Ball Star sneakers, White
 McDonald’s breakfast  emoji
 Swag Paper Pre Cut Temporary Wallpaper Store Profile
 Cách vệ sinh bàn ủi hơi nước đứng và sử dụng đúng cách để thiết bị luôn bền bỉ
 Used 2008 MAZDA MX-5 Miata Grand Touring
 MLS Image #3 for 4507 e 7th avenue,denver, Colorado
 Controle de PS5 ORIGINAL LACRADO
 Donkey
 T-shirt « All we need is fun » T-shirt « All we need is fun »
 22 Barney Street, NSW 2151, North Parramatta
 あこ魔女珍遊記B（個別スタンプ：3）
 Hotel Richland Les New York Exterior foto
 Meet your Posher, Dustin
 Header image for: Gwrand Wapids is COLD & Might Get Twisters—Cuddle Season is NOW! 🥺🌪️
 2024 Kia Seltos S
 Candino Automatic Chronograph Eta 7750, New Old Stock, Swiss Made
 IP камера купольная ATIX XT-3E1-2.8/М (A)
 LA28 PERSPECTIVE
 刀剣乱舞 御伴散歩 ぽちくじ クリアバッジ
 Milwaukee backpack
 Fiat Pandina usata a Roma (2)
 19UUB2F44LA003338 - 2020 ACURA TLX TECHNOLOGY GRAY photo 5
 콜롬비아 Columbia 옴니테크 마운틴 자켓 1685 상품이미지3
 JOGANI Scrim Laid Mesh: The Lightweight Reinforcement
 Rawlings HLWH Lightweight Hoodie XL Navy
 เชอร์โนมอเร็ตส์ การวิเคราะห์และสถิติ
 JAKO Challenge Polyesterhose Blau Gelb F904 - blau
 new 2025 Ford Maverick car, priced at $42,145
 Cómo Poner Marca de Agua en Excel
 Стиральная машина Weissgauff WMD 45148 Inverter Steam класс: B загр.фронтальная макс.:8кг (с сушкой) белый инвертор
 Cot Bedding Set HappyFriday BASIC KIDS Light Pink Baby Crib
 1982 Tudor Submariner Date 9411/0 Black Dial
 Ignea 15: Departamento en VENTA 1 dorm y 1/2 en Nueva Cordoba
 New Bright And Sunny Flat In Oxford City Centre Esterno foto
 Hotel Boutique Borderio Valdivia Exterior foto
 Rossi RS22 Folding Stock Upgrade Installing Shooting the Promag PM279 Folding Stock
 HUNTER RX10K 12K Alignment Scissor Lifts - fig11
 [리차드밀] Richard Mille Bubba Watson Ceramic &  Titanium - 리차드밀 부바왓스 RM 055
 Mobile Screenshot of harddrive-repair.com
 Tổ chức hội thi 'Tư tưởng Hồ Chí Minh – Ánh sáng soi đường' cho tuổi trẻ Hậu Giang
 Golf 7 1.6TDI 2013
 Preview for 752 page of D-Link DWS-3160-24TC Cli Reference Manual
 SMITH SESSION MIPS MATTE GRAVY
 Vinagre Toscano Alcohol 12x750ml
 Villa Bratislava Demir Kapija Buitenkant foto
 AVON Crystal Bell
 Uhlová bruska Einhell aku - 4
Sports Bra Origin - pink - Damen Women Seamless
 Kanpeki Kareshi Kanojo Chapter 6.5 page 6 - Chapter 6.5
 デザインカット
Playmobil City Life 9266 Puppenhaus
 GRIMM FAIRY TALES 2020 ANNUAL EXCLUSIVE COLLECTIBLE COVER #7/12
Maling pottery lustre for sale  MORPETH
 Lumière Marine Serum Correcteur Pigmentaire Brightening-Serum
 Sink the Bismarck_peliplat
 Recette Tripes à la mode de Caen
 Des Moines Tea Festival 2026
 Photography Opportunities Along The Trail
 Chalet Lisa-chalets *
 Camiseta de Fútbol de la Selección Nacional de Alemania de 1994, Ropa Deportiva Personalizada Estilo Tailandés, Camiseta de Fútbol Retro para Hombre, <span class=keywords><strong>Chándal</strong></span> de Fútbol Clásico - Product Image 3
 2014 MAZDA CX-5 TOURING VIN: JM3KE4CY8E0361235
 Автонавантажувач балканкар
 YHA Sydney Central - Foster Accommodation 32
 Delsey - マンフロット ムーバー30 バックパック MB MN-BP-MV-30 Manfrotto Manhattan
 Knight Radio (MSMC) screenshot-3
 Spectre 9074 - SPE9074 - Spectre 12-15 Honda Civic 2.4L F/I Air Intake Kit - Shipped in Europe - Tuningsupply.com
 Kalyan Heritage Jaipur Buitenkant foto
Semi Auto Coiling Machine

--

What is expected:
Going down the listing above, begin printing at the line with "Meet your Posher, Dustin" and finish with the line with "Kanpeki Kareshi Kanojo", exactly as they appear.

Response box:
 Meet your Posher, Dustin
 Header image for: Gwrand Wapids is COLD & Might Get Twisters—Cuddle Season is NOW! 🥺🌪️
 2024 Kia Seltos S
 Candino Automatic Chronograph Eta 7750, New Old Stock, Swiss Made
 IP камера купольная ATIX XT-3E1-2.8/М (A)
 LA28 PERSPECTIVE
 刀剣乱舞 御伴散歩 ぽちくじ クリアバッジ
 Milwaukee backpack
 Fiat Pandina usata a Roma (2)
 19UUB2F44LA003338 - 2020 ACURA TLX TECHNOLOGY GRAY photo 5
 콜롬비아 Columbia 옴니테크 마운틴 자켓 1685 상품이미지3
 JOGANI Scrim Laid Mesh: The Lightweight Reinforcement
 Rawlings HLWH Lightweight Hoodie XL Navy
 เชอร์โนมอเร็ตส์ การวิเคราะห์และสถิติ
 JAKO Challenge Polyesterhose Blau Gelb F904 - blau
 new 2025 Ford Maverick car, priced at $42,145
 Cómo Poner Marca de Agua en Excel
 Стиральная машина Weissgauff WMD 45148 Inverter Steam класс: B загр.фронтальная макс.:8кг (с сушкой) белый инвертор
 Cot Bedding Set HappyFriday BASIC KIDS Light Pink Baby Crib
 1982 Tudor Submariner Date 9411/0 Black Dial
 Ignea 15: Departamento en VENTA 1 dorm y 1/2 en Nueva Cordoba
 New Bright And Sunny Flat In Oxford City Centre Esterno foto
 Hotel Boutique Borderio Valdivia Exterior foto
 Rossi RS22 Folding Stock Upgrade Installing Shooting the Promag PM279 Folding Stock
 HUNTER RX10K 12K Alignment Scissor Lifts - fig11
 [리차드밀] Richard Mille Bubba Watson Ceramic &  Titanium - 리차드밀 부바왓스 RM 055
 Mobile Screenshot of harddrive-repair.com
 Tổ chức hội thi 'Tư tưởng Hồ Chí Minh – Ánh sáng soi đường' cho tuổi trẻ Hậu Giang
 Golf 7 1.6TDI 2013
 Preview for 752 page of D-Link DWS-3160-24TC Cli Reference Manual
 SMITH SESSION MIPS MATTE GRAVY
 Vinagre Toscano Alcohol 12x750ml
 Villa Bratislava Demir Kapija Buitenkant foto
 AVON Crystal Bell
 Uhlová bruska Einhell aku - 4
Sports Bra Origin - pink - Damen Women Seamless
 Kanpeki Kareshi Kanojo Chapter 6.5 page 6 - Chapter 6.5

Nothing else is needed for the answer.